I had the eeriest feeling, for the four weeks I was in Seattle, of being in some part of Infinite Jest. Because one of the things he keeps saying about Americans is that we’re dying to give ourselves away to something. That we’re dying to be in some system, whether it’s a belief system like the recovery movement or whether it’s a system of self-improvement or of achievement like the tennis players at Enfield in Infinite Jest. The idea is that we’re dying just to have one thing that matters more than anything to us to order our day.
And it was wild. They were very nice people, the heroin people. I mean the dealer was a very nice guy and the people who I was spending all day with were nice, and they were smart. They just had this terrible hobby which had taken over their lives.
I remember I was at one guy’s apartment and he said, “This is awful but one nice thing that I’ve thought about is: It orders my day for me. I know every day that I have to make $120 to buy the heroin I need. I know every day that that’s going to be the big thing in my life.
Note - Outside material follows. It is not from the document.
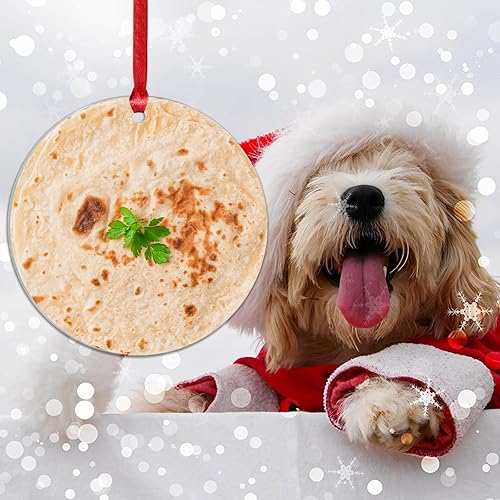Miniatura 6 de Adorno  Divertido y delicioso adorno colgante de árbol de Navidad de comida rápida, tortilla mexicana, adornos de burrito, decoraciones de Navidad,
My life didn’t have that big narrative before and now every day it has that narrative. And that is something I enjoy in a creepy way.”
Were there glimpses of the depressive side when spent those days with DFW?
You had the exact same experience I had. You tell me.
Well, I can’t help but know now that in 1996 he had more issues than he was letting on.
That sounds right. But aside from that, when you’re listening to him talk, it sounded for him like depression was something that he had put behind himself.
If you had asked me who’s the most mentally healthy, emotionally healthy writer in America I would have named him because he found a great comedy in warmth. He didn’t seem like somebody who headed for suicide. He seemed like someone who was headed for a certain kind of warm, wry, really intelligent, and really productive and happy life. I was really really shocked actually when he died.
Had you had much contact after you left Illinois?
Zero contact.
How would he view the book?
Relief that rather than the image being shaped, or whatever, it’s just him. I would hope that would be a relief. But of course there’s no way to know. It was this really wonderful accident in a way that the piece had never been written.
The phrase “David stops the tape” became a funny refrain in Although. He dealt with the interview in a very meta way.
[Laughs.] He wasn’t just being interviewed, he was trying to control the image of himself that came across.
Like you said, he’d liked to work at things…
Yeah. It gave him a chance to do another few drafts on what he wanted to say.
The book feels like a Richard Linklater film, in some ways. Not Slacker. Maybe Before Sunrise. It’s driven entirely by conversation, but somehow it works.
He feels really alive to me in the book. It would have been a really wonderful thing to be able to do it the way Linklater does in those movies, but, on the other hand, there’s that nice thing of being able to open the book up and see again what he was like when he was writing the stuff I really loved.